Leonard Bast, un employé de bureau sans le sou, vit avec une femme nommée Jacky. Lorsque Jacky se présente chez les Schlegel à la recherche de son « mari », Helen est déconcertée. Leonard explique la situation et les Schlegel rencontrent Henry Wilcox, qui conseille à Leonard de quitter son emploi en raison de l'effondrement imminent de l'entreprise. L'amitié de Margaret et Henry se transforme en romance et ils se fiancent malgré l'opposition des enfants d'Henry, qui craignent que Margaret ne revendique Howards End.
Helen assiste au mariage d'Evie Wilcox avec Leonard et Jacky, désormais mariés et en grande difficulté financière. Henry reconnaît Jacky comme son ancienne maîtresse et accuse les Schlegel et les Bast de comploter contre lui. Margaret, perturbée par cette révélation, pardonne à Henry et souhaite sauver leur relation.
Helen désapprouve fortement les mauvais traitements infligés par Henry aux Basts et passe la nuit avec Leonard pour discuter de leur situation. Helen se confie plus tard à son frère Tibby et décide d'envoyer une aide financière aux Basts, mais Leonard retourne le premier chèque et décline toute aide supplémentaire.

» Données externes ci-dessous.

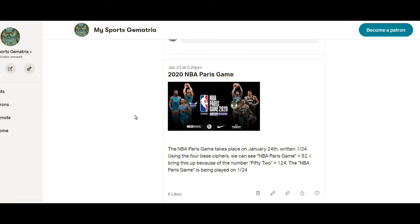Hey, what's going on guys, thanks for checking out this video. My Sports Gematria. I'm going to be talking about the 2020 NBA Paris game, the NBA game that's taking place here in a couple hours.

Après leur mariage, Margaret s'inquiète des voyages incessants d'Helen. Lorsque leur tante Juley tombe malade, Margaret demande à Helen de rentrer chez elle, mais Helen refuse de voir la famille. Margaret et Henry visitent Howards End, espérant surprendre Helen et découvrir sa grossesse secrète. Margaret soutient sa sœur et exhorte Henry à lui pardonner comme elle lui a pardonné, mais il reste sceptique.
Leonard arrive à Howards End le lendemain, tourmenté par sa liaison avec Helen et ignorant sa présence. Charles Wilcox attaque Leonard, le poussant à saisir une bibliothèque qui s'effondre et le blesse mortellement en raison d'une maladie cardiaque non diagnostiquée. Margaret décide de quitter Henry, mais il révèle que Charles sera accusé d'homicide involontaire. Charles est reconnu coupable et condamné à la prison.
Henry, accablé de honte, accepte de respecter le souhait de Ruth et de léguer Howards End à Margaret. Il stipule également qu'après la mort de Margaret, la propriété passera au fils d'Helen et Leonard. Helen revient à Howards End et la famille l'accueille chaleureusement, elle et son fils.
Réception
En 1998, la Modern Library a classé Howards End 38e sur sa liste des 100 meilleurs romans de langue anglaise du XXe siècle .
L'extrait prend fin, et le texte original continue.